*** Opening DATASET SECTION ***

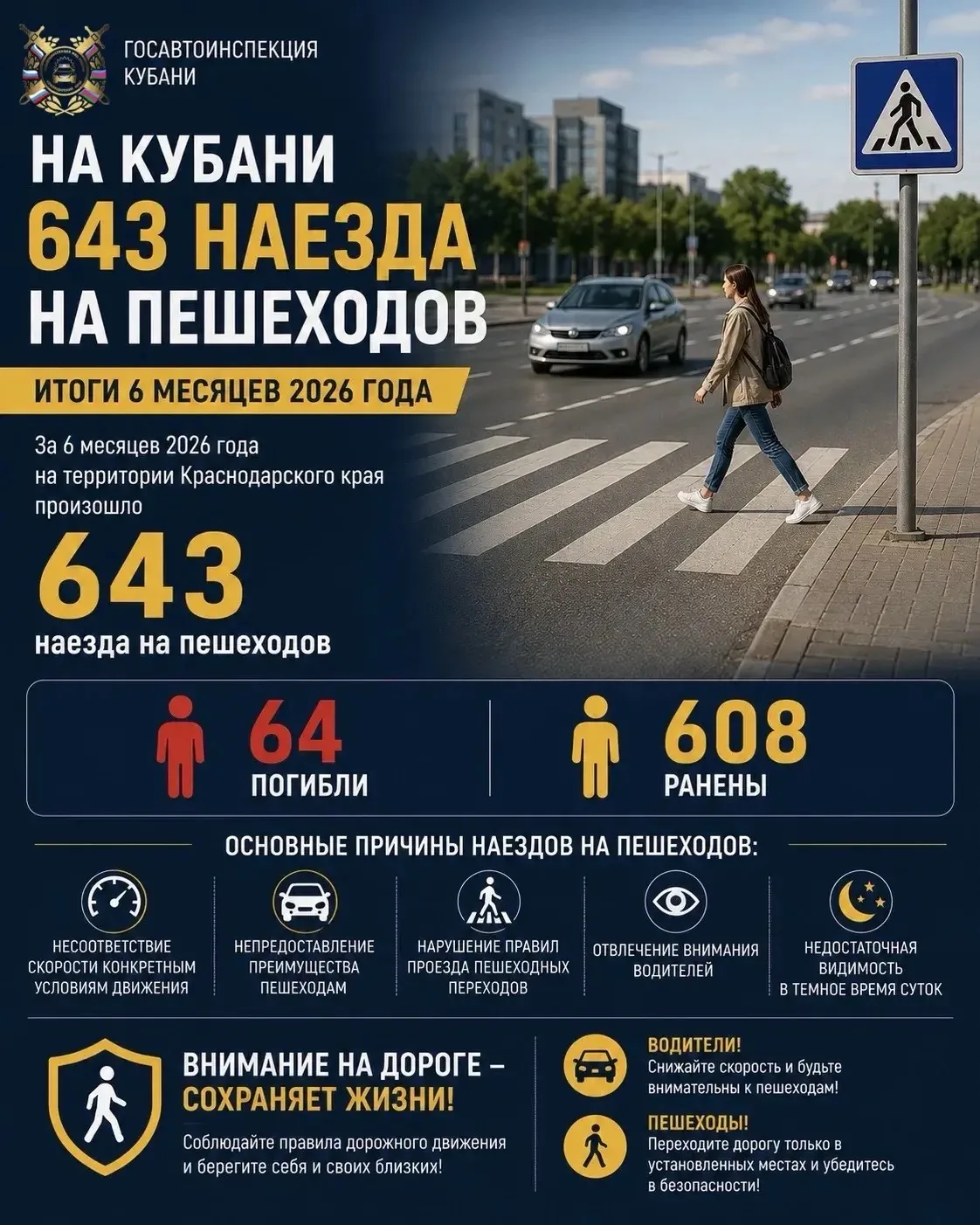 🚶 За 6 месяцев 2026 года на территории Краснодарского края зарегистрировано 643 дорожно-транспортны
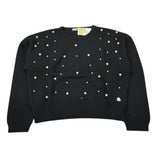 Monnalisa Maglia Girocollo Tinta Unit con Perle Nero per Bambina 796606AJ NERO MONNALISA 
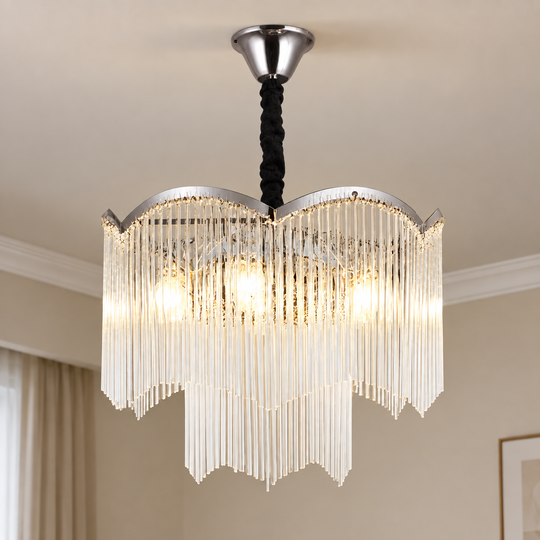 Πολυέλαιος MEKELLE Nobile Crystal, 6x E14, Διάμετρος 40cm, Μέταλλο και Κρύσταλλο, Γυαλιστερό χρώμιο, Ρυθμιζόμενο ύψος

*** Closing DATASET SECTION ***

## [YOUR INSTRUCTIONS]
Please output the data above exactly as given, omitting every picture.

## [EXERCISE RESPONSE]
 🚶 За 6 месяцев 2026 года на территории Краснодарского края зарегистрировано 643 дорожно-транспортны
 Monnalisa Maglia Girocollo Tinta Unit con Perle Nero per Bambina 796606AJ NERO MONNALISA 
 Πολυέλαιος MEKELLE Nobile Crystal, 6x E14, Διάμετρος 40cm, Μέταλλο και Κρύσταλλο, Γυαλιστερό χρώμιο, Ρυθμιζόμενο ύψος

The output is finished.